That has been something that we mulled probably over the five years since the movie [the Kickstarter-funded feature film released in 2014]. Here’s the thing that it revolves around. If I didn’t want to do more Veronica Mars, if I would have been happy to say, okay, this is our last Veronica Mars, then I would have been happy to land on them being married and living happily ever after. But our hope is that we get to tell more Veronica Mars mysteries, and if we do get to do that, we want it to exist as a mystery show, Veronica Mars as a P.I. out in the world, solving mysteries. And doing that with a boyfriend or a husband just felt less interesting, less sexy, less noir.
And it was tough keeping Logan involved in this particular mystery. I didn’t want that challenge each time. Also, we’re doing a show that’s noir, and our noir detective and her happy home life with her boyfriend or husband just didn’t feel right moving forward. I love Jason Dohring. I love what he’s done for the show, but for the future existence of Veronica Mars as an entity, I feel like she needs to be single moving forward.
That’s a pretty classic element of noir stories and detective fiction in general, that the hero or heroine usually has some kind of loss, either within the case that they’re working or something they have to give up to do their job.
That is very true. Also in most of noir, that possibility for romance or sex exist in those stories, and it’s tough to have that exist if there is a husband at home. So that’s why that very difficult choice was made.

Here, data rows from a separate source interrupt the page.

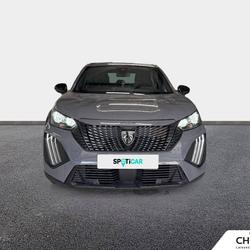 Peugeot 2008 2008 PureTech 100 S&S BVM6 Active Nice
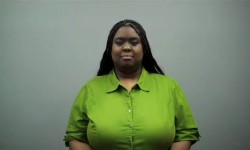 Cassie, Not Kathy: A Deaf Story About Misunderstood Names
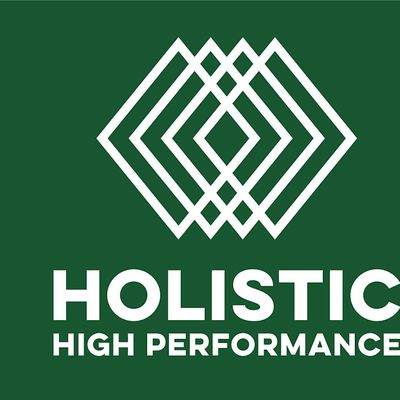 Holistic High Performance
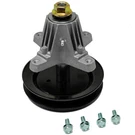 Spindle Blade Assy For Cub Cadet 918-04822A 918-04822B 918-04889. Fixed Price $20.99.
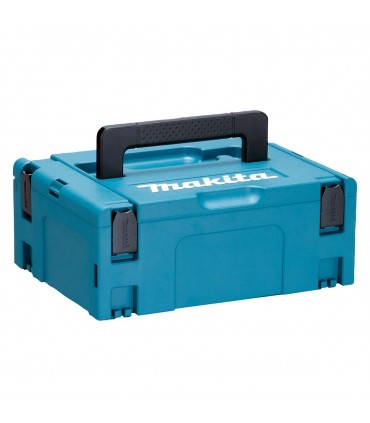 Makita Joint Plastic Interlocking Case/Tool Box Organizer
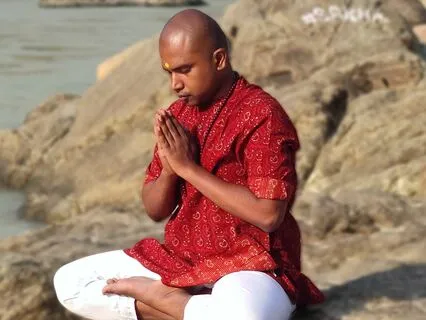 25. Daily Meditation | Building A Habit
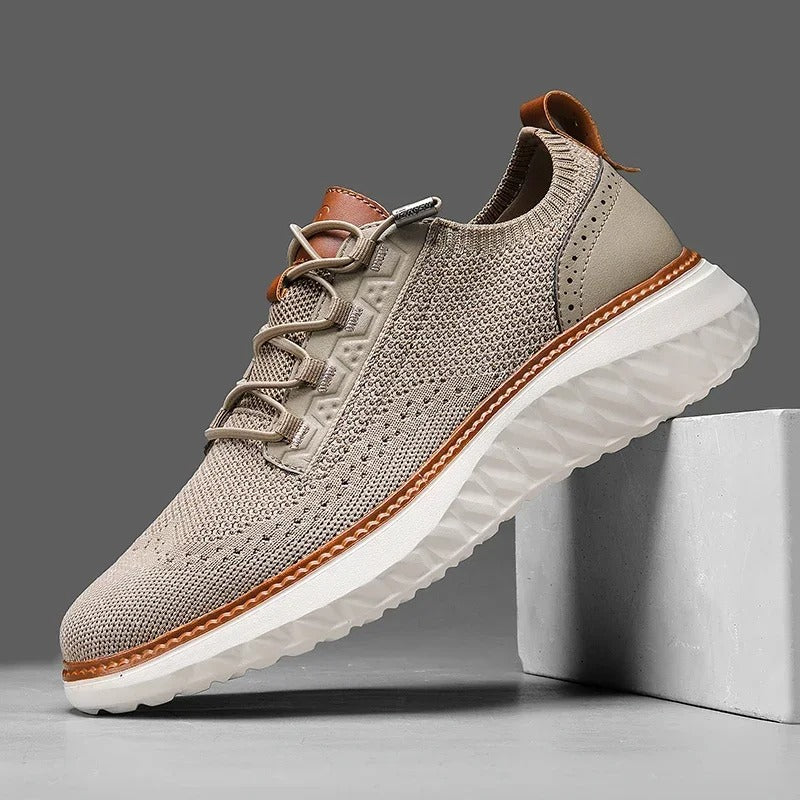 Kingsley Knit Sneaker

The fans feel it, too. I know they do, because every third tweet that’s directed at me is, “You better not let anything happen to Veronica and Logan.” So I am prepared to take some lumps, and hopefully there will still be fans left afterwards, because it does feel like cutting off an arm so that the body can survive. It’s very much in that category.
What was the conversation like with Dohring when you broke the news to him?

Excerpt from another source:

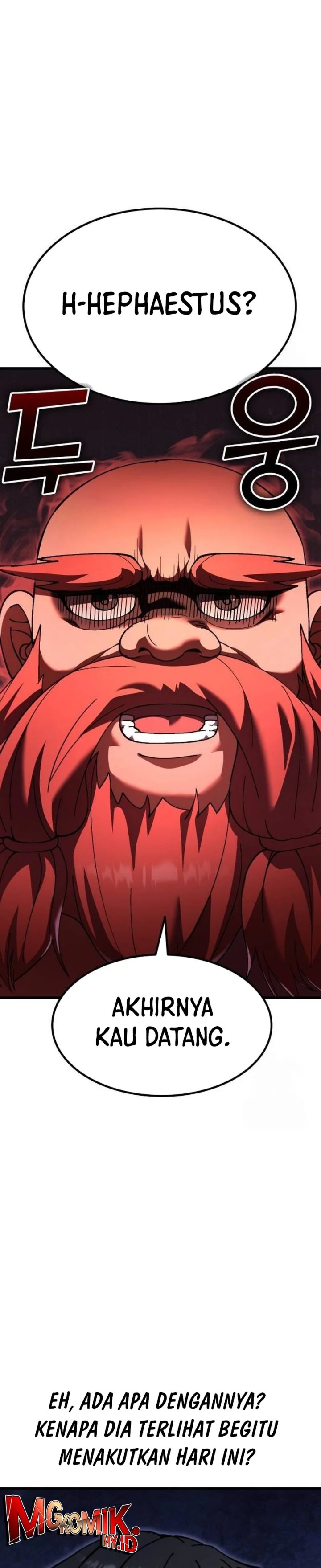 Divine Delivery Chapter 44 Image 1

It was tough. I mean, that conversation is like breaking up with a girlfriend. You try to explain the logic. And to Jason’s credit, he gets the logic. He understands why it’s happening, it doesn’t make it less painful, he knows that I adore him as an actor, I’ve put him in multiple things, so he knows it’s not that. Next to Kristen, he and [Enrico Colantoni, who plays Veronica’s father, Keith Mars] are probably as responsible for our success as anyone, and it does hurt. My relationship with Jason is totally great. He wasn’t happy, but he understood.

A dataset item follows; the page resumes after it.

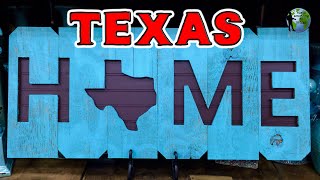 Top 10 Cheap Texas towns you can buy a house for under $200,000.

The revival seemed to come together very quickly. Was that actually the case, or was there more to it than has been reported?
Before it ever leaked out that we were trying to make it happen, we had probably been trying to make it happen for three or four months. But even in those terms, it did come together very quickly. Kristen and I, because we talk to each other reasonably often, we had talked about, “Hey, the next time we do this, let’s try do to do it as a miniseries.” That feels like the perfect way to do a Veronica Mars. We loved the idea of eight episodes to tell one detective case, and it was also a necessity because we both had shows on the air. So we didn’t really have any other option. Possibly a movie, but we were honestly more interested in eight episodes of television than trying to do a movie again.
So Kristen and I had been talking about this in the press back and forth, and then Joel Silver, who is one of our partners on the project, kept reading it. Joel at some point said “fuck it” and called NBC and said, “Can you let Kristen out to do eight episodes on a streaming platform?” And they said yes, and Joel called me and said, “What the fuck, let’s do it.” And at that point it happened pretty quickly. We had to get a few permissions, but then, yeah, it happened really quickly. I had put together a pitch, and Kristen and I took it out and Hulu bit.
The nice thing, and the reason it could happen so quickly, is you have 64 episodes to look at. They likely don’t make you shoot a pilot. It’s not like you have to prove the concept. In this particular case, we got to just go straight to series.
Enrico Colantoni said he was “a little embarrassed at not being able to play through” his excitement at returning to the series and the character of Keith Mars in his first scene with Bell. Did you and the writers and crew who worked on the series have that feeling as well? How did you get past it?
The day he was referring to, it was day three of production, and the other stuff that had been shot was with Kristen and a guest star. So that was the first day where I got to see Veronica and Keith delivering what I think is the heartbeat of the show, that rhythm of those two funny actors and that relationship.
I’m not usually on set, but I was on set that day, and I just had this ridiculous grin on my face watching them shoot that over three or four hours. There they were in wardrobe, in a set that we built to look just like the original Mars Investigation set, doing what they do so well. That scene brought me incredible delight. So yeah, I don’t blame him if he was happy, I was incredibly happy in that moment. That is the moment where I went, “Oh, yes, this is what we do right.” Yeah. That felt really good.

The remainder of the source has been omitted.